Age-related Toxoplasma gondii seroprevalence in Dutch wild boar inconsistent with lifelong persistence of antibodies.

Toxoplasma gondii is an important zoonotic pathogen that is best known as a cause of abortion or abnormalities in the newborn after primary infection during pregnancy. Our aim was to determine the prevalence of T. gondii in wild boar to investigate the possible role of their meat in human infection and to get an indication of the environmental contamination with T. gondii. The presence of anti-T. gondii antibodies was determined by in-house ELISA in 509 wild boar shot in 2002/2003 and 464 wild boar shot in 2007. Most of the boar originated from the "Roerstreek" (n = 673) or the "Veluwe" (n = 241). A binormal mixture model was fitted to the log-transformed optical density values for wild boar up to 20 months old to estimate the optimal cut-off value (-0.685) and accompanying sensitivity (90.6%) and specificity (93.6%). The overall seroprevalence was estimated at 24.4% (95% CI: 21.1-27.7%). The prevalence did not show variation between sampling years or regions, indicating a stable and homogeneous infection pressure from the environment. The relation between age and seroprevalence was studied in two stages. Firstly, seroprevalence by age group was determined by fitting the binary mixture model to 200 animals per age category. The prevalence showed a steep increase until approximately 10 months of age but stabilized at approximately 35% thereafter.
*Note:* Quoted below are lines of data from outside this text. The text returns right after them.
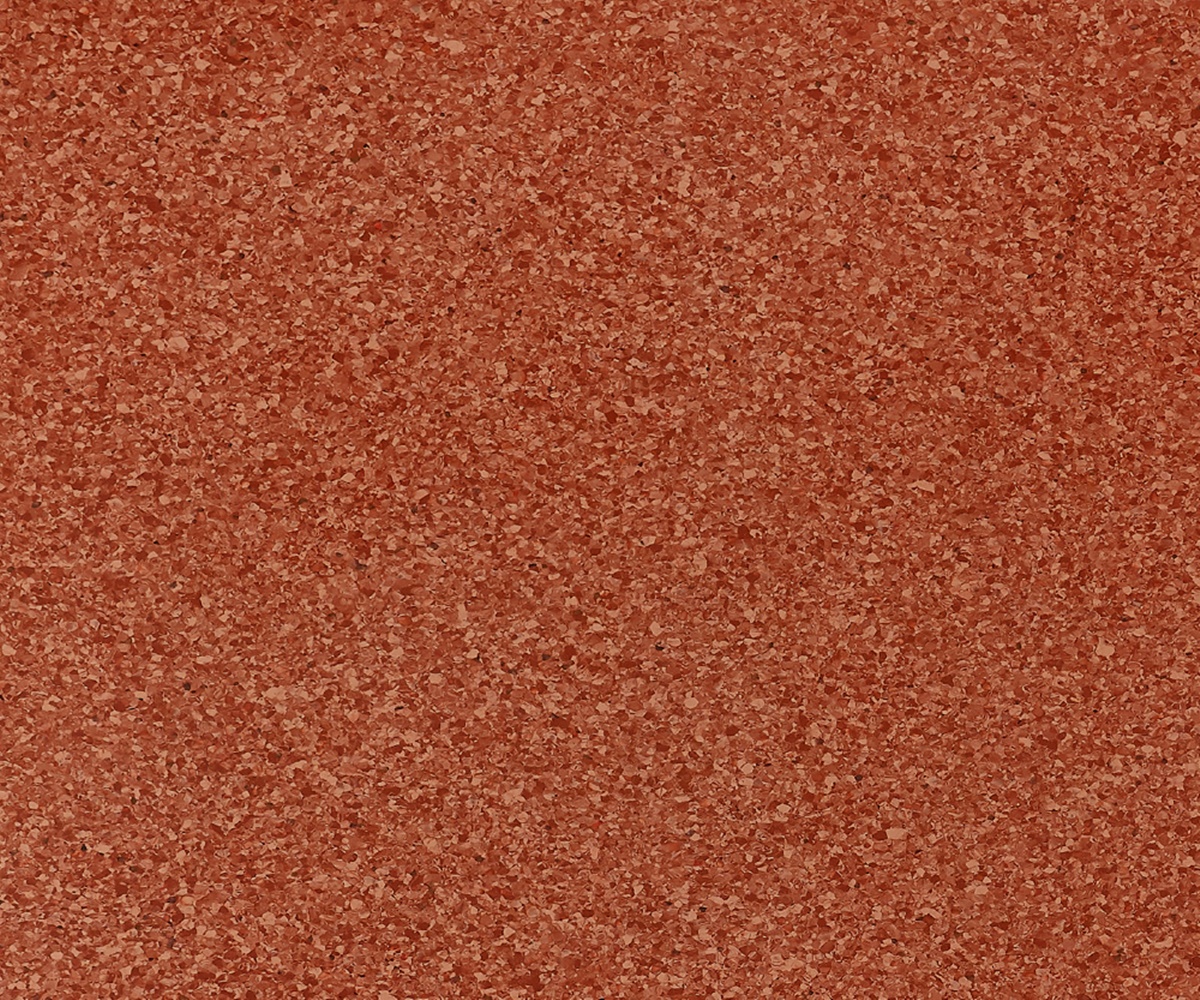 HM-T221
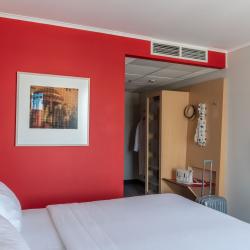 Cosmos Sochi Hotel (Космос Сочи) — 3d150b38e1e3740c03be1b9f8e73d8d1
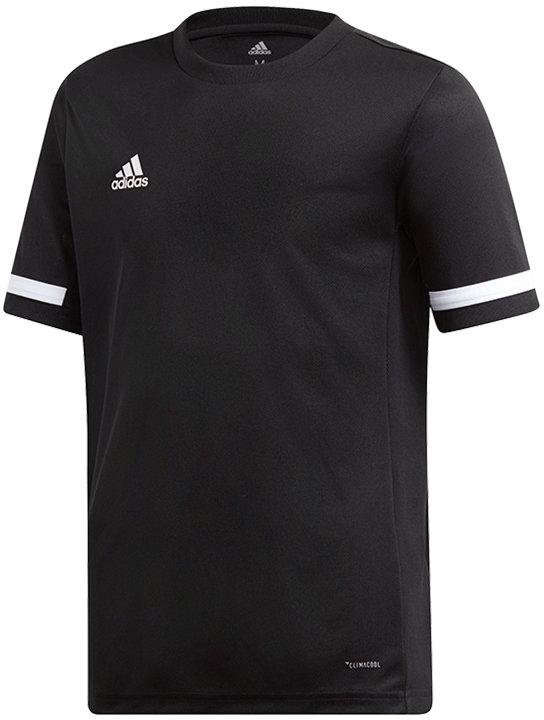 Camiseta adidas T19 SS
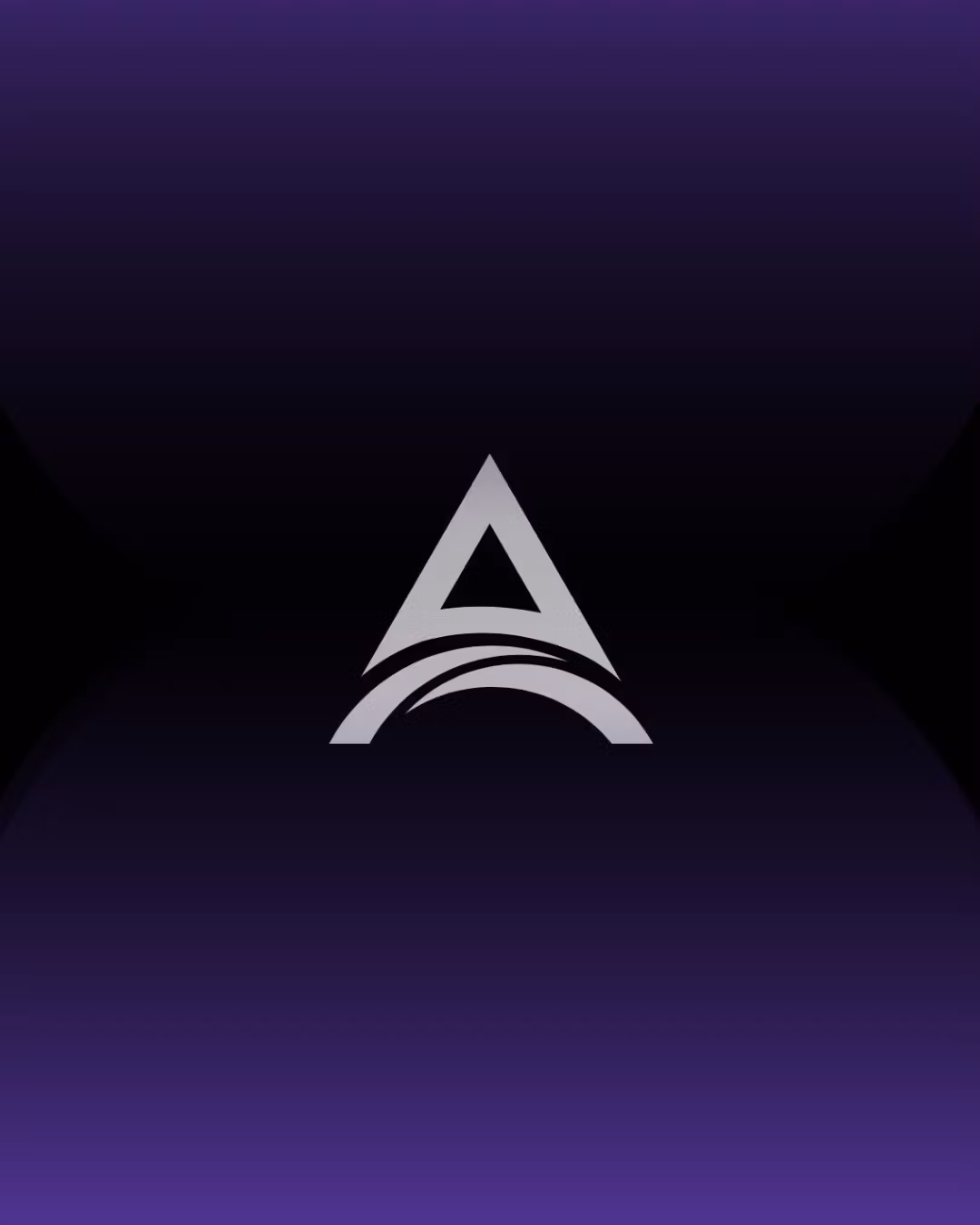 Clientascent.io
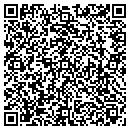 QR code with Picayune Utilities contacts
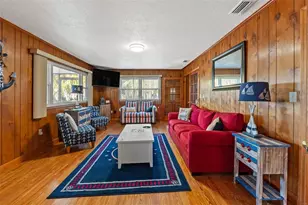 3461 Gum Dr, Weeki Wachee, FL 34607 - Photo 21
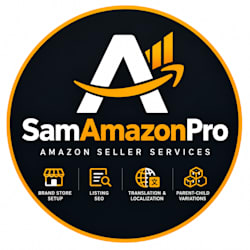 growth_sam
Secondly, we fitted the age-dependent seroprevalence data to several SIR-type models, with seropositives as infected (I) and seronegatives as either susceptible (S) or resistant (R). A model with a recovery rate (SIS) was superior to a model without a recovery rate (SI). This finding is not consistent with the traditional view of lifelong persistence of T. gondii infections. The high seroprevalence suggests that eating undercooked wild boar meat may pose a risk of infection with T. gondii.

Introduction

Toxoplasma gondii is an important zoonotic protozoan with a worldwide distribution that may cause abortion or abnormalities in the newborn. Cats are the definitive host of T. gondii and shed millions of oocysts into the environment after a primary infection. T. gondii infection is probably of limited clinical importance in wild boar: Severe clinical toxoplasmosis is considered rare in pigs [1], and although decreased reproductive performance was observed in T. gondii seronegative—and therefore at risk for primary infection—wild boar [2], there are no reports of clinical toxoplasmosis in wild boar. However, infected wild boar are a source of infection for people if their meat is eaten undercooked [3]. In addition, the prevalence in wild boar gives an indication of the environmental contamination, since they acquire their infection from contact with soil or by ingesting infected rodents or birds.

The T. gondii seroprevalence for the Dutch human population has decreased from 40.5% in 1995/1996 to 26.0% in 2006/2007 [4]. This is thought to be an effect of the decreased prevalence in consumption animals, especially in pigs, due to increased intensive indoor farming. A stable infection pressure from the environment is suggested by the unchanged seroprevalence in sheep when compared to studies in the eighties [5]. However, differences may have been missed due to methodological differences between studies, for example the cut-off value used in the serological assay or the number of confounders corrected for in the analysis. Therefore, we chose to compare the seroprevalence of T. gondii in wild boar for two years within the same study.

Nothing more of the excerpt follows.